## [Try it]
Please repeat the entries word for word and keep the images out.
* * * * * * *
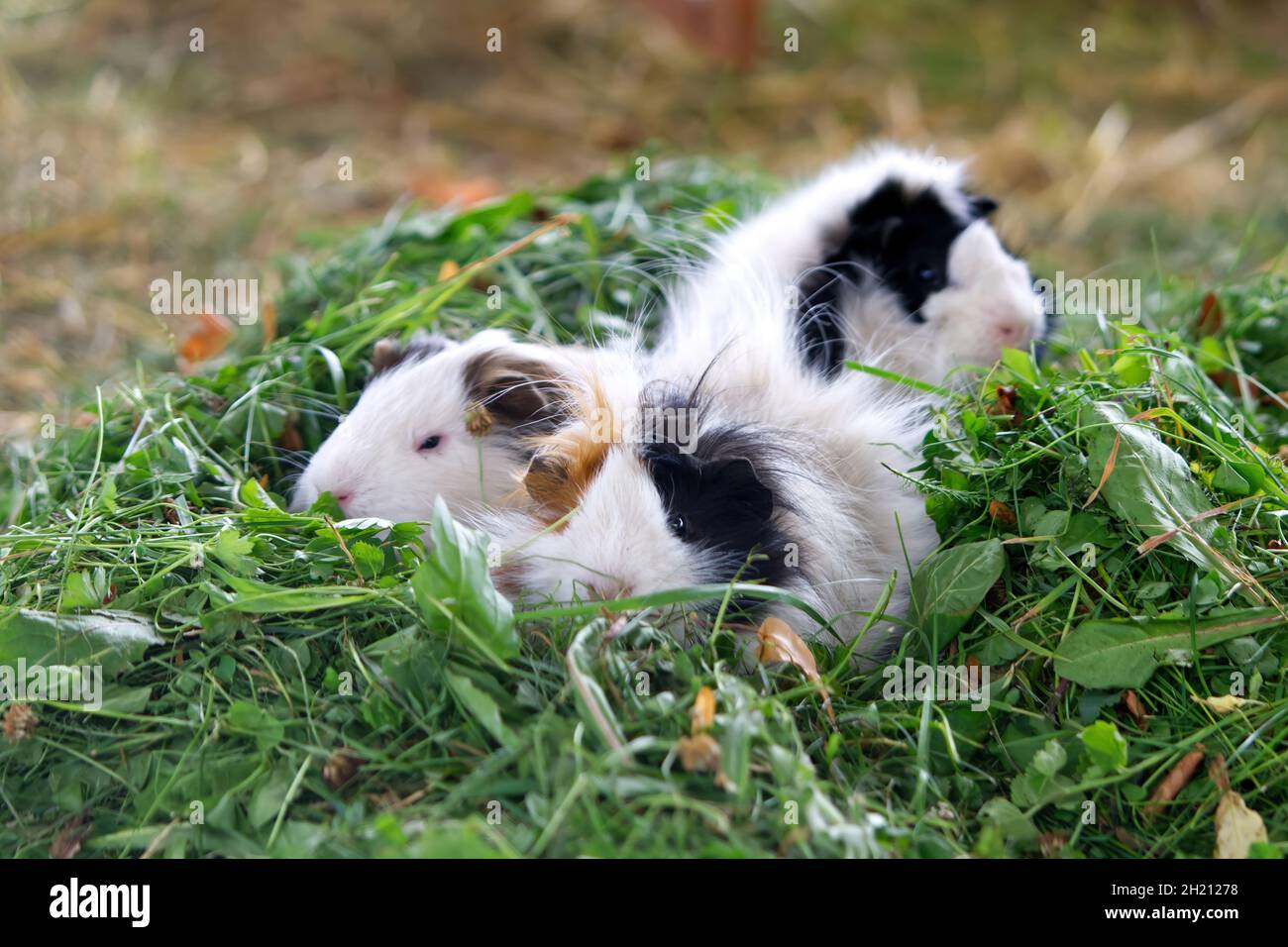 funny white and brown guinea pigs eating fresh green grass. Domestic ...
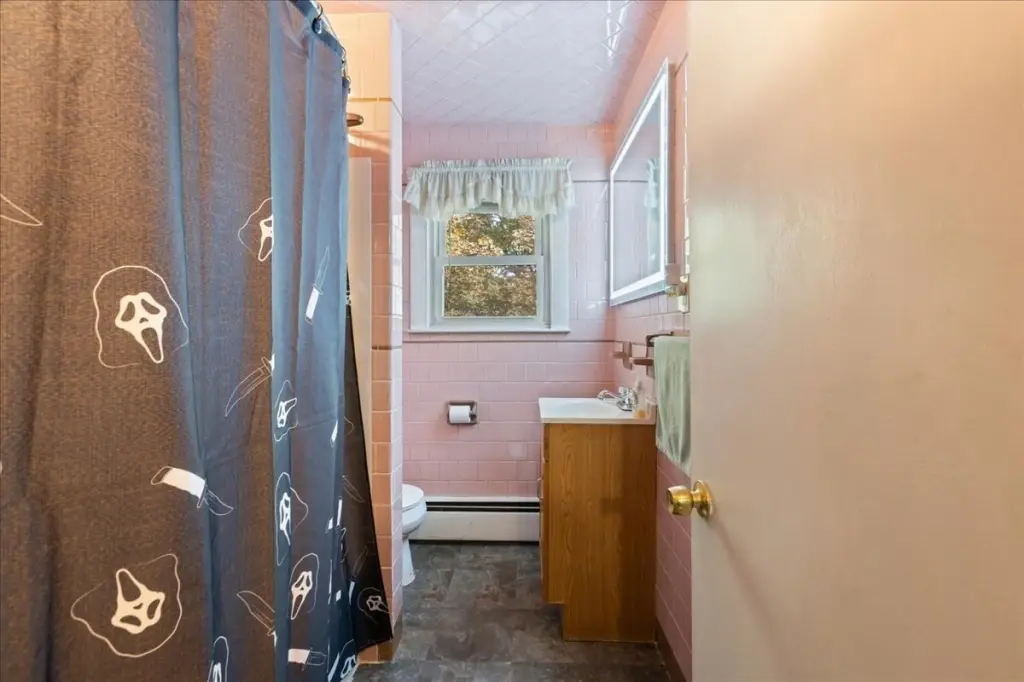 Picture 21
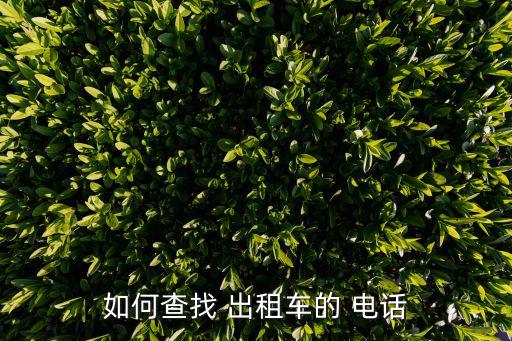 如何查找 出租车的 电话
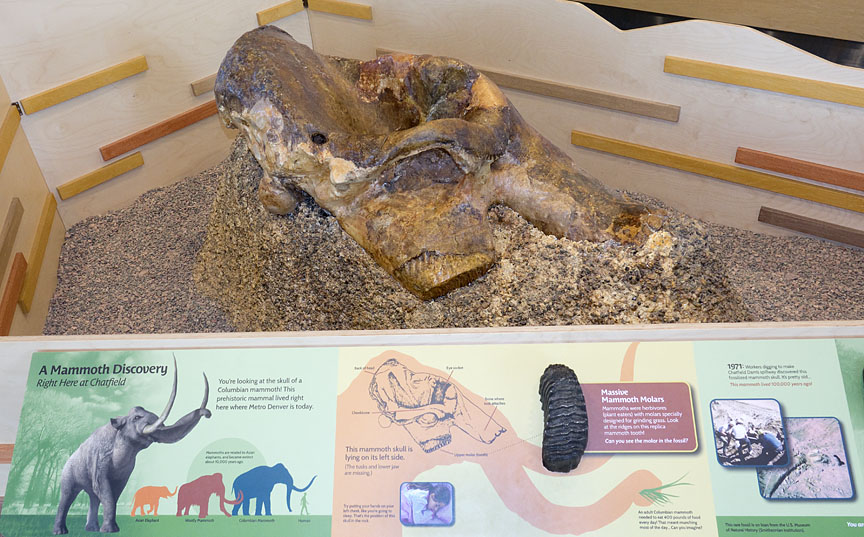 Columbin mammoth skull with tooth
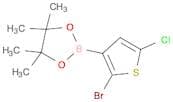 2-(2-Bromo-5-chlorothiophen-3-yl)-4,4,5,5-tetramethyl-1,3,2-dioxaborolane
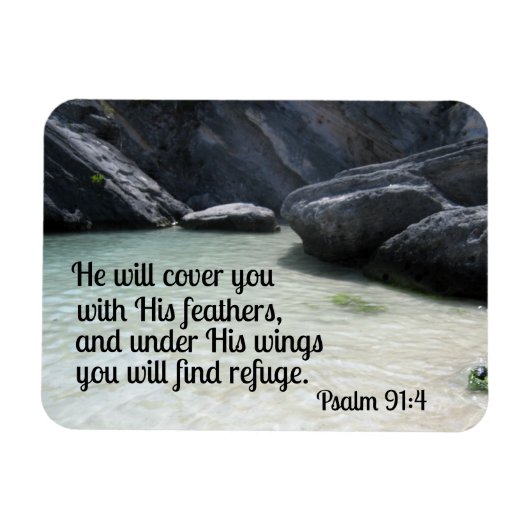 Psalm 91:4 Er wird dich mit seinen Federn bedecken Magnet (Horizontal)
* * * * * * *
## [Result]
 funny white and brown guinea pigs eating fresh green grass. Domestic ...
 Picture 21
 如何查找 出租车的 电话
 Columbin mammoth skull with tooth
 2-(2-Bromo-5-chlorothiophen-3-yl)-4,4,5,5-tetramethyl-1,3,2-dioxaborolane
 Psalm 91:4 Er wird dich mit seinen Federn bedecken Magnet (Horizontal)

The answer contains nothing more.